ABUJA, Nigeria Nigerian President Goodluck Jonathan has likened attacks by a radical Islamist sect in his West African nation to the ongoing civil war in Syria, an unlikely acknowledgment from the seat of power about the violent unrest gripping the country.
Jonathan’s comments Sunday are widely viewed in Nigeria as hyperbole because the estimated 45,000 people killed in the Syrian uprising is far more than those killed by Nigeria’s extremist sect. But Jonathan’s remarks offer a glimpse into the worried leader’s mind as his weak government remains unable to stop attacks by the sect known as Boko Haram.

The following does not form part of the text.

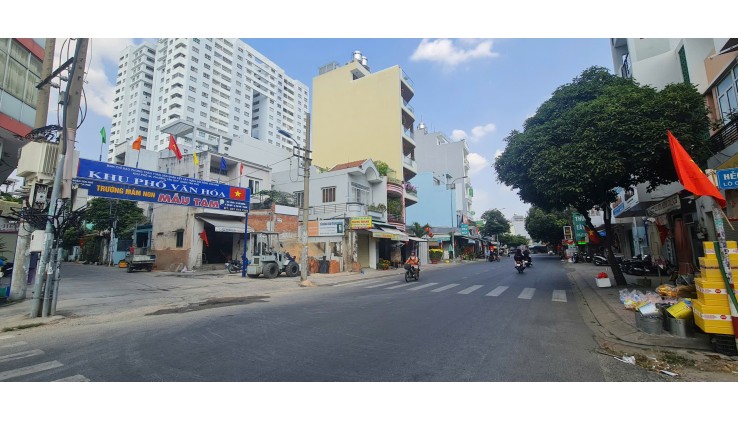 CỰC HIẾM-Cho thuê nhà 2 Mặt Tiền Tân Hương 168m2 - ĐỐI DIỆN CHUNG CƯ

Though government and security officials have sought to downplay the sect’s guerrilla campaign of shootings and bombings, the group is blamed for killing at least 792 people in 2012 alone, according to an Associated Press count, the worst year of violence yet.
And with Jonathan also referencing the apocalypse before parishioners at a church in Nigeria’s capital, Abuja, it offers a bleak assessment of Nigeria heading into the New Year.
“We have challenges, no doubt, especially the recent terrorist attacks on all of us and the church is one of the main targets,” Jonathan said. When the preacher “was making reference to the bombings ... I was just wondering, could this be a clear way of telling us that the end times are so close?”